Report: Trump Nuclear Posture Review Overstates China’s Nuclear Arsenal Modernization Plans

Chinese Arsenal Significantly Smaller, Less Capable Than U.S. Arsenal

Published Feb 1, 2018

WASHINGTON (February 1, 2018)—A leaked draft of the Trump administration’s Nuclear Posture Review (NPR) misrepresents the status of China’s nuclear forces, according to a white paper released today by the Union of Concerned Scientists (UCS).

“China has made slow but steady incremental improvements to its nuclear arsenal,” says paper author Gregory Kulacki, China Project manager at the UCS Global Security Program. “But the gap between China and the United States is too wide to argue that the United States is lagging behind in any meaningful way. In fact, the exact opposite is true. By any measure, the U.S. arsenal is far superior.”

Regardless, the leaked NPR draft erroneously states that the United States needs new nuclear weapons because “China is expanding and modernizing its considerable nuclear forces” and is pursuing “entirely new nuclear capabilities.”

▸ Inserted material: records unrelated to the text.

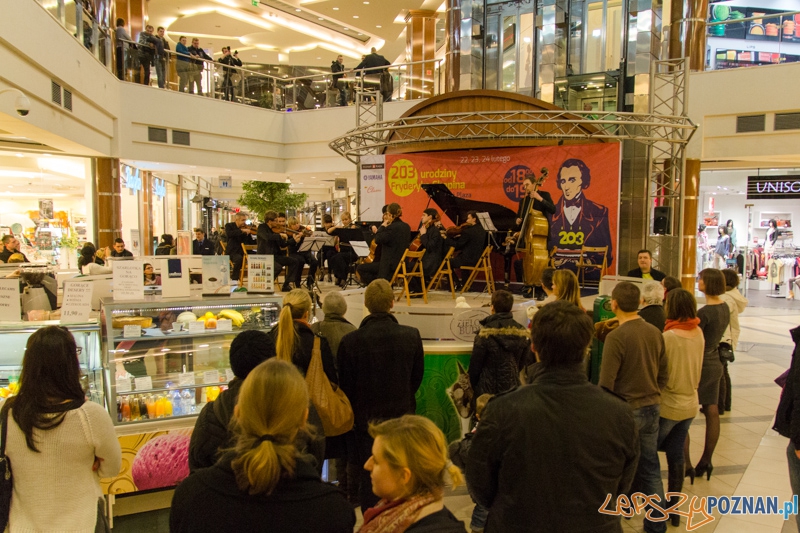203 urodziny Chopina - Orkiestra Kameralna Posnania - Poznań Plaza 24.02.2013 r. Foto: lepszyPOZNAN.pl / Piotr Rychter 203 urodziny Chopina - Orkiestra Kameralna Posnania - Poznań Plaza 24.02.2013 r. Foto: lepszyPOZNAN.pl / Piotr Rychter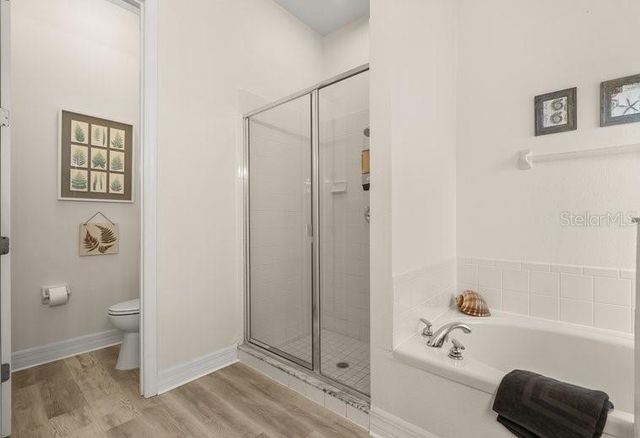 7908 EMPERORS ORCHID COURT, Kissimmee, FL 34747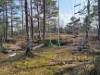 Bild 17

Among other things, the paper points out that:

  • the U.S. arsenal of 4,480 active and reserve nuclear warheads is more than 10 times the size of the Chinese arsenal;
  • the United States has 400 ground-based intercontinental ballistic missiles, at least four times more than China’s 75 to 100 ICBMs; and
  •  12 U.S. nuclear-capable submarines currently carry 900 warheads while China’s four ballistic missile submarines carry none.

“There is no evidence that nuclear weapons are becoming more prominent in China’s military strategy or that China has changed its longstanding no-first-use policy,” says Kulacki. “Chinese military sources emphatically state that China’s only security objective with its relatively small nuclear force is to retain the ability to retaliate in the event of a nuclear attack.

“If the Trump administration were truly concerned about limiting the size and capability of China’s nuclear forces,” he added, “it would ratify the Comprehensive Test Ban Treaty, which China signed in 1996, and negotiate a fissile material control treaty, which China supports. Doing so would cap the size of China’s nuclear arsenal.”